Your assignment: Please copy, word for word, the line holding "Island Dive Club" and each line that follows it through the end of the entries, omitting any pictures.

Given data:
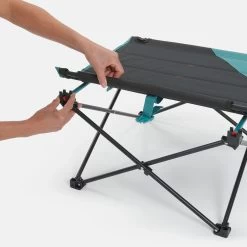 Quechua LOW FOLDING CAMPING TABLE MH100 Grey 30 Quechua LOW FOLDING CAMPING TABLE MH100 Grey -Camping Store ke3174b1a935714b65fc9871b034221d1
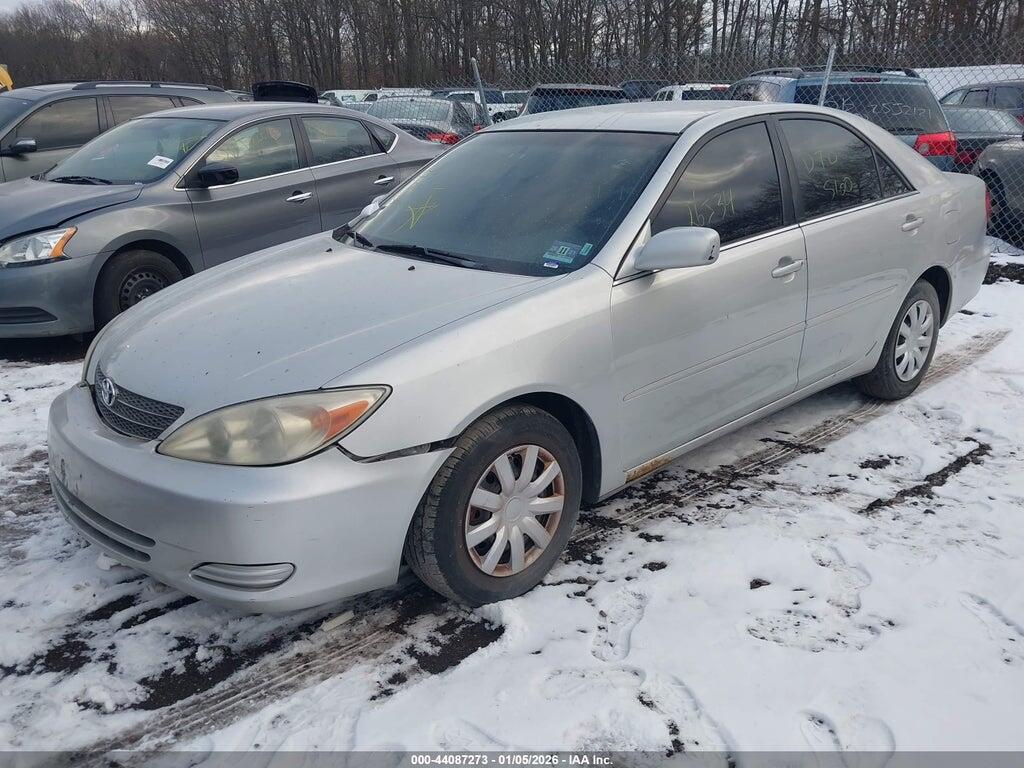 4T1BE32K22U089104 2002 TOYOTA CAMRY photo no. 2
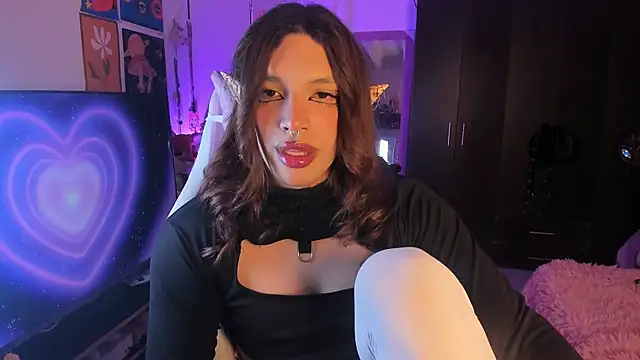 Show de Loona_s na webcam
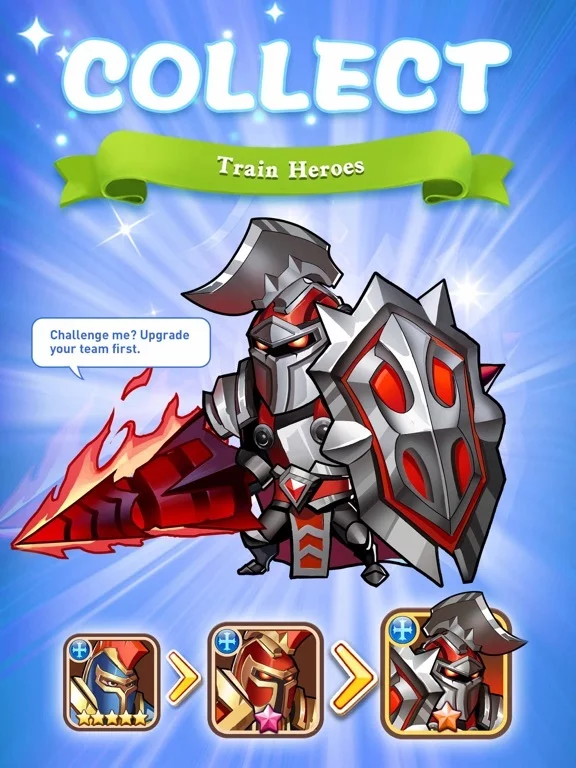 Изображение игры: Idle Heroes - Idle Games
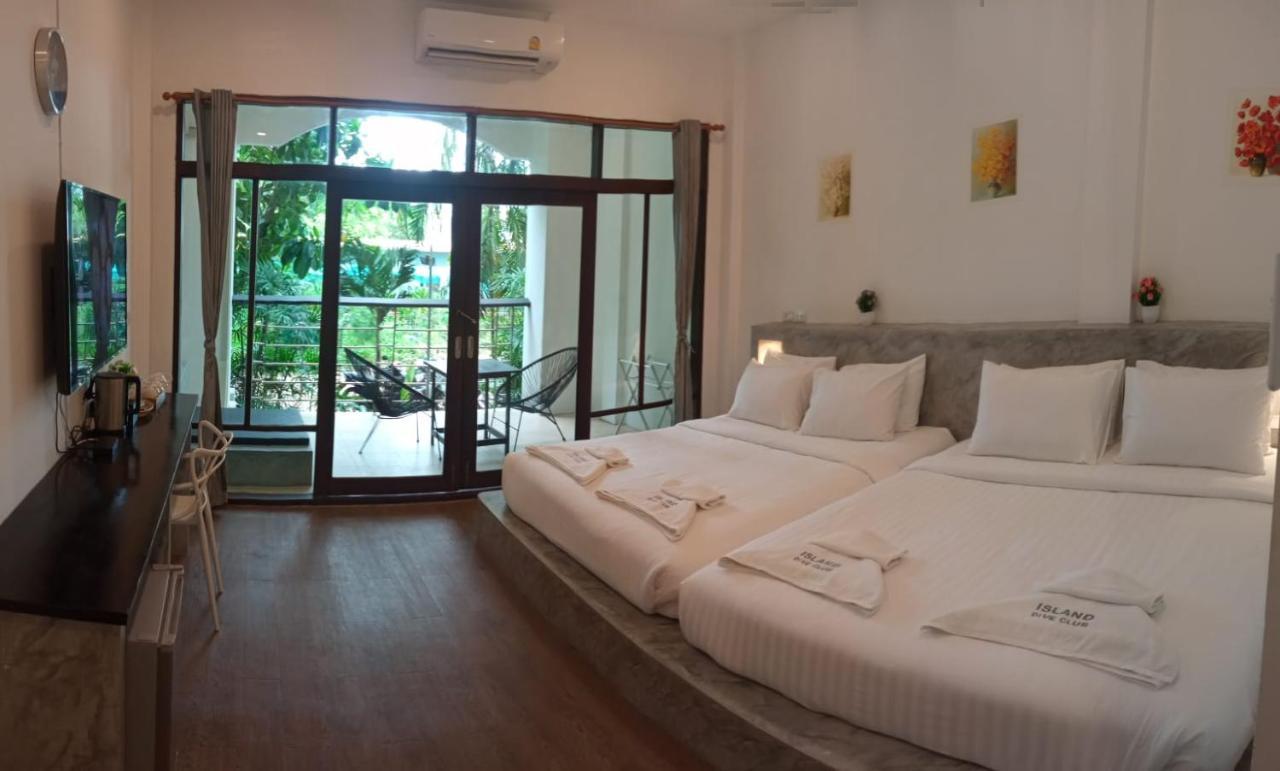 Island Dive Club Hotel Koh Tao Exterior photo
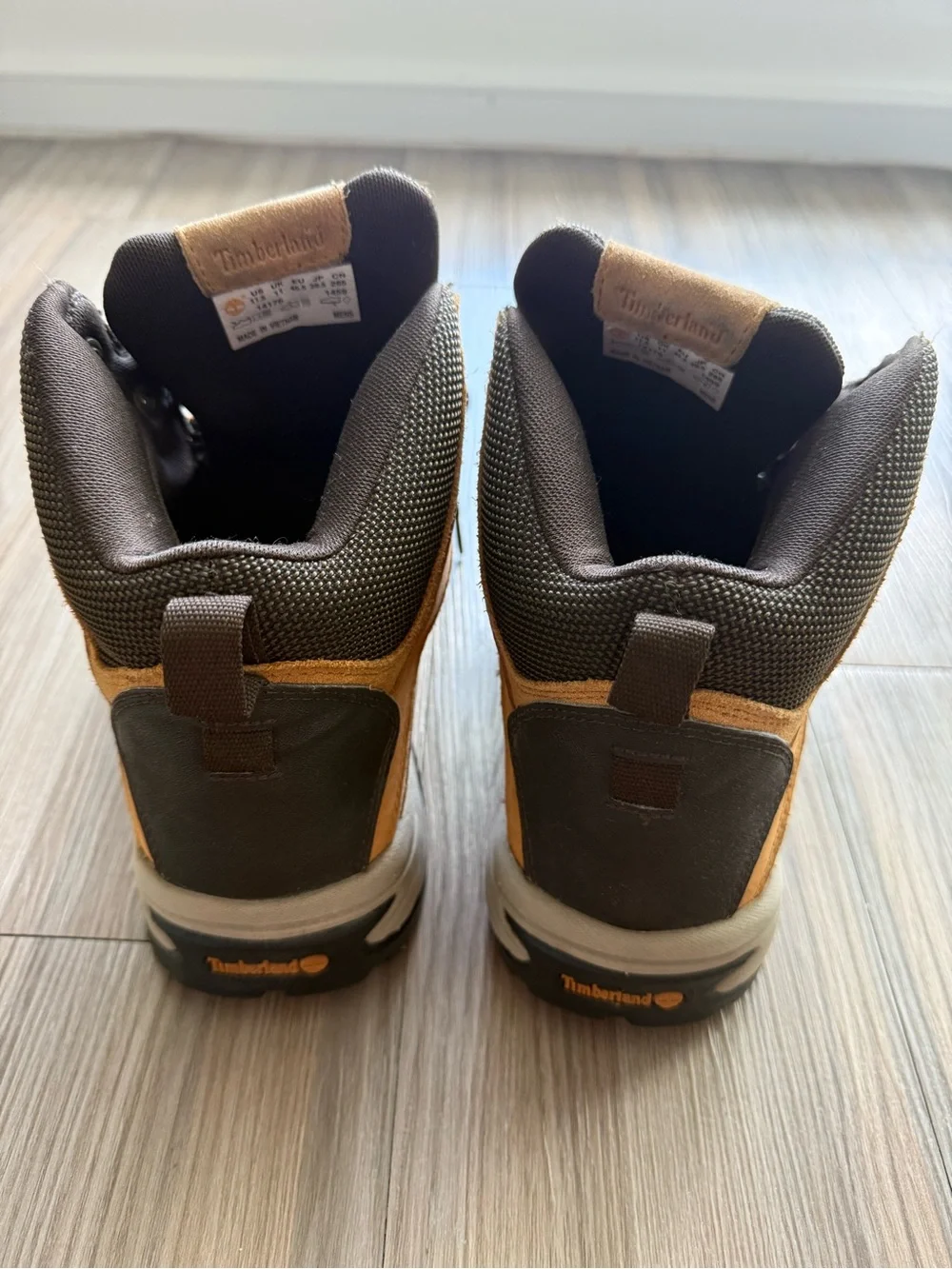 Men's Timberland Waterproof Hiking Boots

Response area:
 Island Dive Club Hotel Koh Tao Exterior photo
 Men's Timberland Waterproof Hiking Boots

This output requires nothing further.